Search for perfect tree turns into great debate

Colleen Kottke
Wisconsin State Farmer
We were searching for the spirit of Christmas at the tree farm. That year the debate over choosing the right tree was spirited alright.

I read an Associated Press report today that people were panic buying Christmas trees. One tree lot owner in North Carolina likened the frenzied buying of evergreens to the rush on paper towers and toilet paper in the early days of the pandemic.

The owner say many customers were pulling into the tree lot and filling trailers full of trees. Whether they were buying for family or wanted an extra helping of Christmas this year was anyone's guess, he said.

It's perfectly understandable that people are craving some normalcy, peace and loveliness in their homes and what says comfort like a Christmas tree adorned with soft glowing lights and handmade ornaments.

Years ago as a young mother with a house filled with young sons, I too was in search of that ideal scenario. Picking out a tree at the local lot wouldn't do. We were going for the full experience of cutting down our very own, hand picked tree.

Filled with dreams of fresh, fragrant boughs of pine, we loaded the car with three kids and headed up north to a Christmas tree farm; no dried out trees for us that year. About 40 miles into the trip the whining began. Only a few more miles my husband assured them. After what seemed like hours, we pulled into the parking lot only to find that hundreds of others had opted to cut their own trees.

With a saw in hand we headed towards the sea of greenery. Every time we saw the 'perfect tree' we cringed when we found the orange claim tag that someone else had tied on the tree. Little did we know that people had stopped in at the farm weeks earlier to stake their claim (during nice warm weather most likely) on the beautifully trimmed trees. With others swarming among the trees we learned quickly that tree selecting was a competitive sport. Thus my husband suggested we venture further from the crowd where the good, choice trees were likely to be found.

As we trudged further and further back the good trees seemed fewer and farther between. Looking back it makes sense that the tree farmers would set up camp near the attractive trees, not the pitiful little mutants that we were finding out in the back forty. Each perspective tree failed for some reason: crooked trunk, missing branches, too fat or too skinny, too short or too tall and the list went on.

As we trudged further and further back the good trees seemed fewer and farther between.

With daylight beginning to wane and milking time drawing nearer, my husband grew less inclined to listen to the critics who had now begun to complain of cold feet and having to go to the bathroom (with scads of trees for the choosing, my youngest son argued that it wasn't necessary to make the long trek back to the porta potties in the parking lot). I would soon find out that a little extra fertlizer on a tree would have been a better alternative than a child crying over his wet underoos!

"We should have just stayed home and cut down the pine tree in the front yard," our other son said. Wise enough to keep my opinions to myself at this stage of the game, I secretly believed putting together an artificial Christmas tree with 1,000 branches sounded more attractive than dealing with our little mob who was growing more restless and mutinous by the minute. After finally reaching a consensus, we dragged our tree back to the car and headed for home with our trophy bound to the roof.
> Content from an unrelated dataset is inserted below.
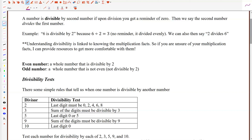Let's explore an idea about divisibility. We say that a number is divisible by another number if upon the division we get a remainder of 0. At that point, we say that the second number divides the first number. For example, 6 is divisible by 2 because 6 divided by 2 equals 3 — a result with no remainder.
At least we did this as a family. A relative (who shall remain unmentioned) tried this with his family passel of kids, only the bickering was worse. When he pulled into the tree lot he cut down the first tree he saw and headed back home. I can only imagine the long ride home.

Even though our fresh tree was a bit crooked and scraggly that year, it was hard to notice with the homemade ornaments made by little, eager hands. After all, isn't the perfect tree the one that's decorated with love?